I've been a bit busy this week, deadlines and all :( I'll post a doc outlining all the scripts and dialplans I use for testing by Monday or Tuesday next week.

So far the change I've made seems to be working fine on one rather quiet box as well as on our 4th busiest box. If all goes well today I'm gonna put it on one of the really busy boxes tonight as it locked up yesterday. I'll post next with some feedback as to how it's working out along with the test scripts etc

By: Leif Madsen (lmadsen) 2009-06-26 10:29:32

dvossel: assigned to you because this is a RR issue that may be Ready for Review. Let me know!

By: David Vossel (dvossel) 2009-06-26 16:41:45

sroberts, does the 14112.patch seem to resolve problem, or are you using a different fix.  I'm trying to bring this issue to completion, but I'm having a little trouble following the history of this issue.

By: Sebastian (sroberts) 2009-06-27 03:11:00

dvossel,

I am using the 14112 patch and it does not solve the problem. The deadlocks are definitely still occurring in local_hangup though. The fix I proposed above has been working fine for two days in production now with no issues whatsoever.
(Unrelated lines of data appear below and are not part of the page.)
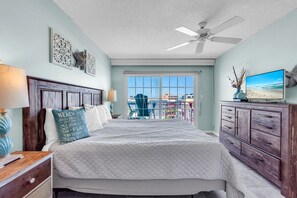 2 bedrooms, iron/ironing board, free WiFi, bed sheets - 🌞Beachfront Building🐬Across the Street from John's Pass🌴Madeira Norte 406 (Madeira Beach)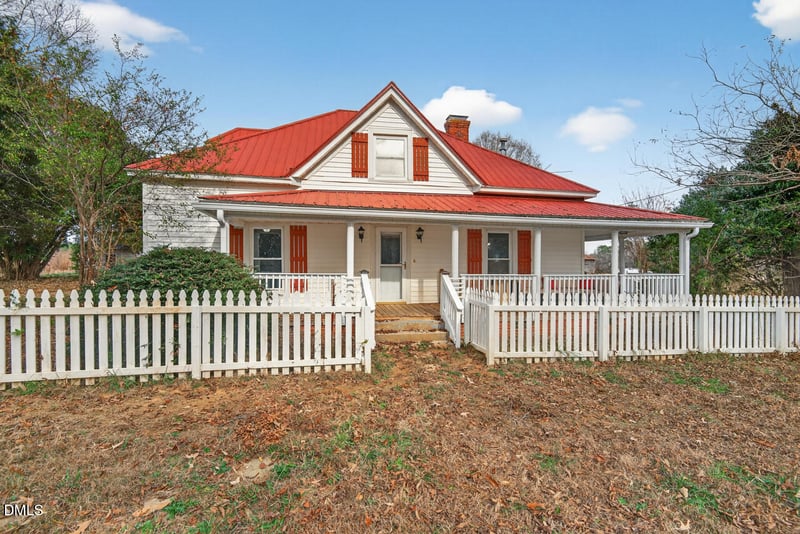 3744 Russell Rd, Graham, NC 27253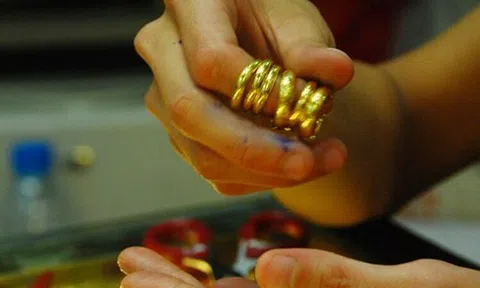 Độc thân có 1,5 tỷ đồng nên đầu tư căn hộ hay mua vàng?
I will be rolling it out to some of our bigger sites next week. I will also try and post my test scripts tomorrow or on Monday.

As a side note (I haven't really had a chance to test this completely), the 14112 patch seems to reduce the frequency of deadlocks in Asterisk. Without it, Asterisk would lock up far more frequently so I think it does solve one issue. I suspect that the problem I'm having is different and related to the number of call files being generated.
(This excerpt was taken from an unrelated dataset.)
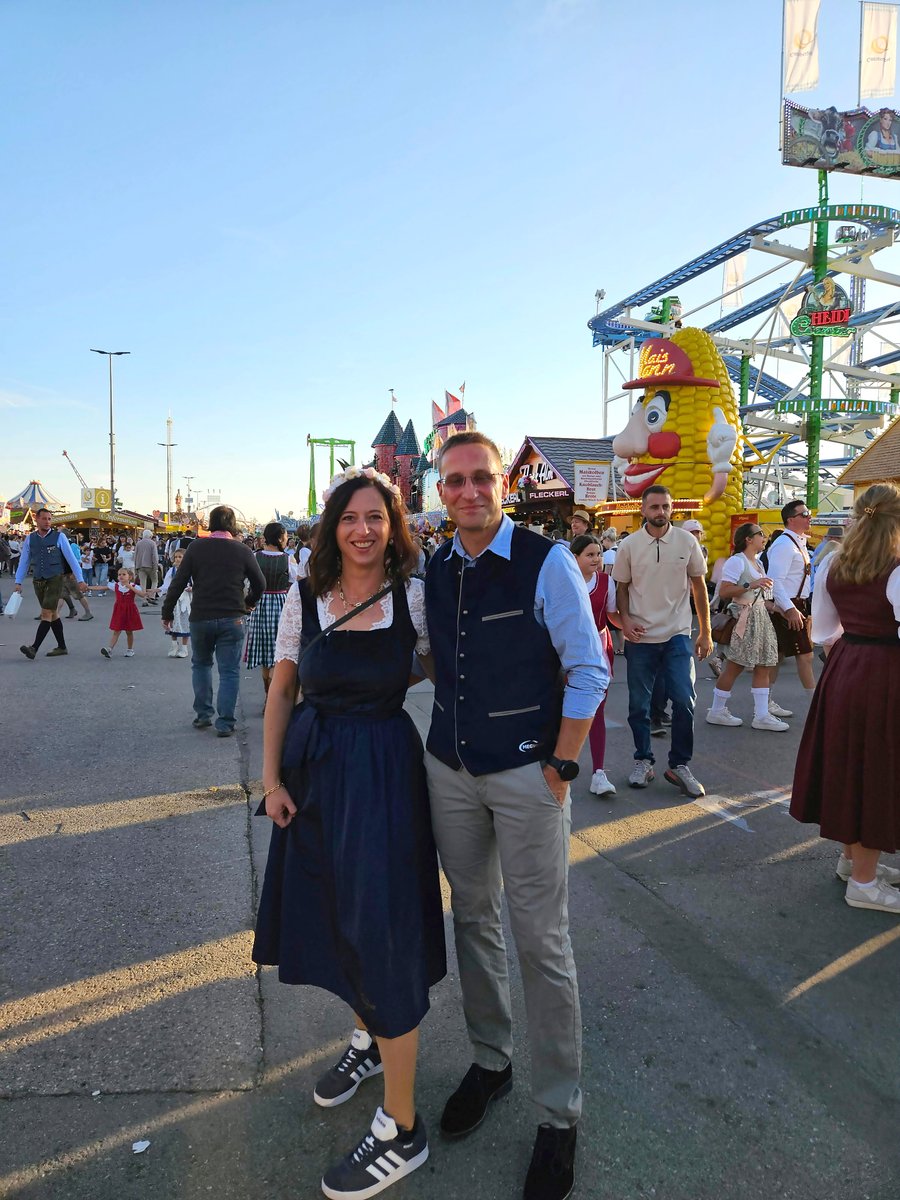 MegwareComputer's tweet photo. Yesterday, we swapped the office for the Wiesn! 🍻🎉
By: Sebastian (sroberts) 2009-07-03 04:37:02

Hi,

As per coolmig's request I've uploaded a doc briefly outlining how I set up the test environment I have including scripts for generating call files and changing agent state etc.

My previous comments on locking in local_hangup were on the totally wrong track. Removing that section of code introduces a definite lockup situation. Although, interestingly, Asterisk will lock up less frequently with that code omitted than with it in?

Leaving the following code as it is:

while (p->chan && ast_channel_trylock(p->chan)) {
   DEADLOCK_AVOIDANCE(&p->lock);
}

Allows for the situation whereby p gets destroyed or changed, meaning that the p->lock that Asterisk is trying to grab no longer exists. This leaves this code section stuck. Of course the problem with this is that the channel itself is still locked, so tons of threads build up trying to access the channel or parts of it. The solution I'm currently testing is to lock p->chan first, then lock p->lock and it seems to be working pretty well. I realise that there is a risk of p->lock being grabbed while trying to lock p->chan however I don't know a way around this. You need to get and keep locks on ast, p->lock and p->chan while ensuring that p is not null and p->chan is not null. Not an easy task!

By: David Vossel (dvossel) 2009-07-09 17:31:37

If a lock is attempted on p->lock when it doesn't exist I'd expect Asterisk to crash, not hang.

I've looked through all your threadlock output files and I'm seeing several different issues here.  It appears you have updated since this was reported in 1.4.19, so I'm not entirely sure which of these issues are still prevalent.  I need to know what version you are currently using and what log output is associated with that.  It would help if you could update to the latest 1.4 release and reproduce this.  That way I wouldn't have to determine if the issue has been resolved in a later version or not.

By: Leif Madsen (lmadsen) 2009-07-24 10:19:15

Ping!

Any chance for information from an updated version of Asterisk?

By: Leif Madsen (lmadsen) 2009-07-27 15:21:44

I'm closing this due to lack of response from reporter. However, if the reporter has the information requested, please do feel free to reopen the issue and comment. Thanks!